## Required work
Take the line that contains "Used 2022 BMW" and every line below it to the end of the entries, and give them again exactly, leaving out any pictures.

## Source data
##########
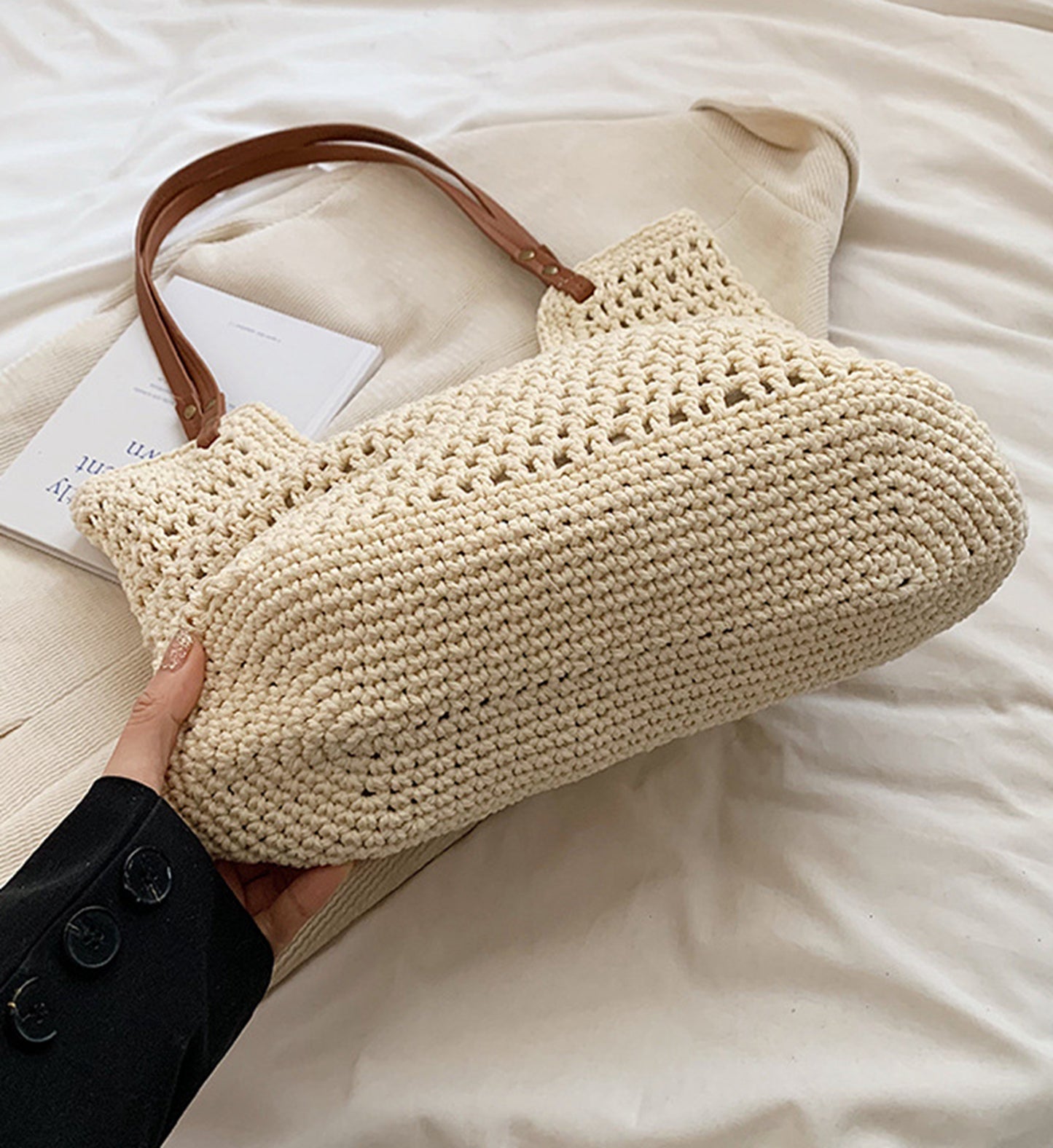 Handmade yarn knitted summer beach tote handbag HB2400023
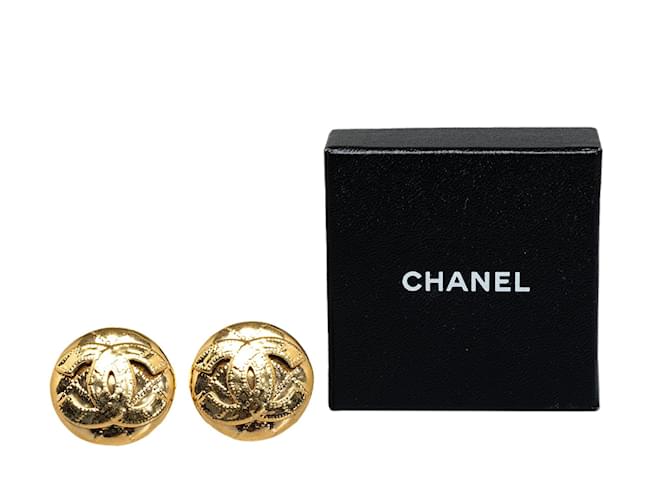 Gold Chanel CC Clip On Earrings Golden Gold-plated  ref.1268414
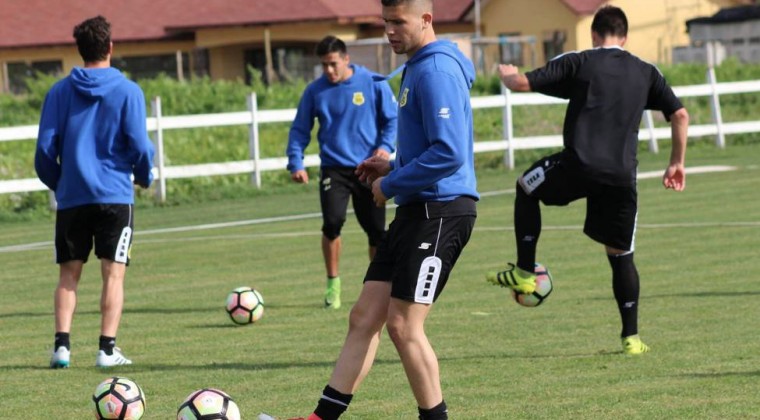 Mauro Caballero, en mira de la U Católica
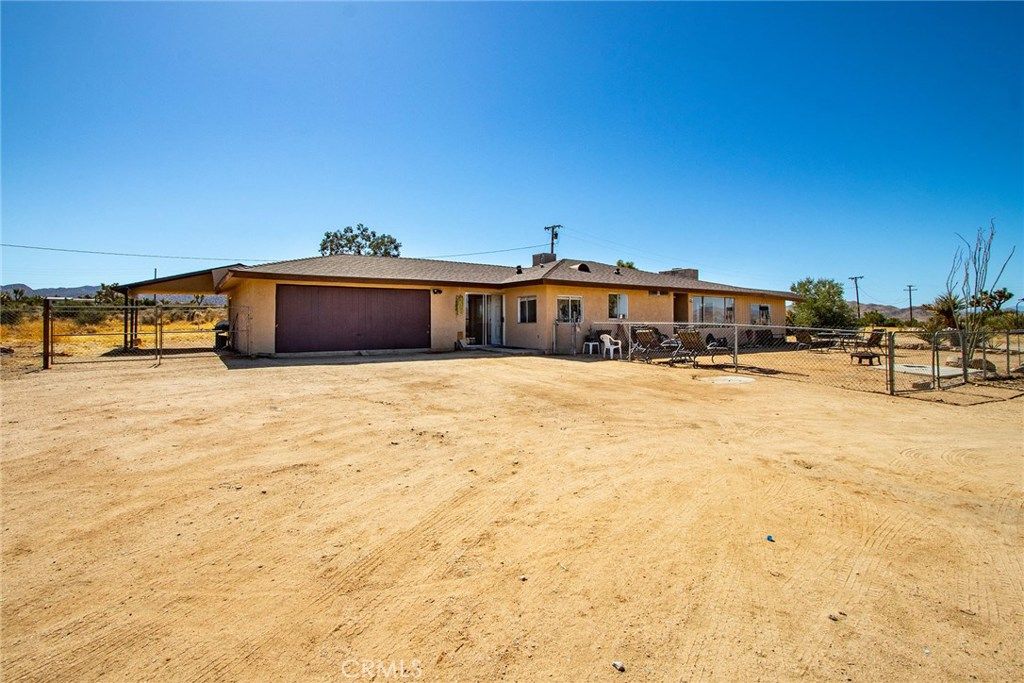listing image 130724702433288295935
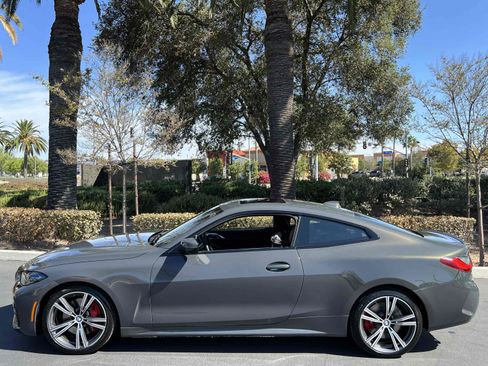 Used 2022 BMW 430i Coupe w/ M Sport Package RWD image 16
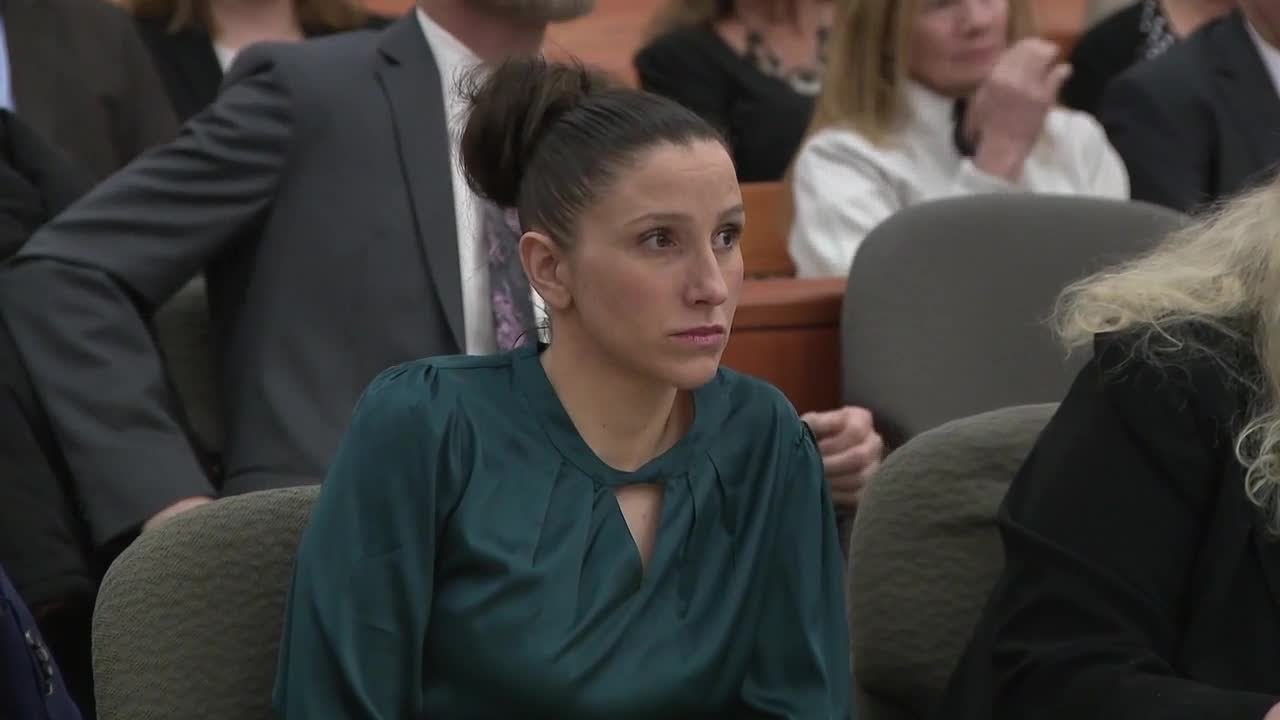 Kouri Richins jury selection begins with questioning of potential jurors in Park City courtroom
##########
## Answer to this exercise
 Used 2022 BMW 430i Coupe w/ M Sport Package RWD image 16
 Kouri Richins jury selection begins with questioning of potential jurors in Park City courtroom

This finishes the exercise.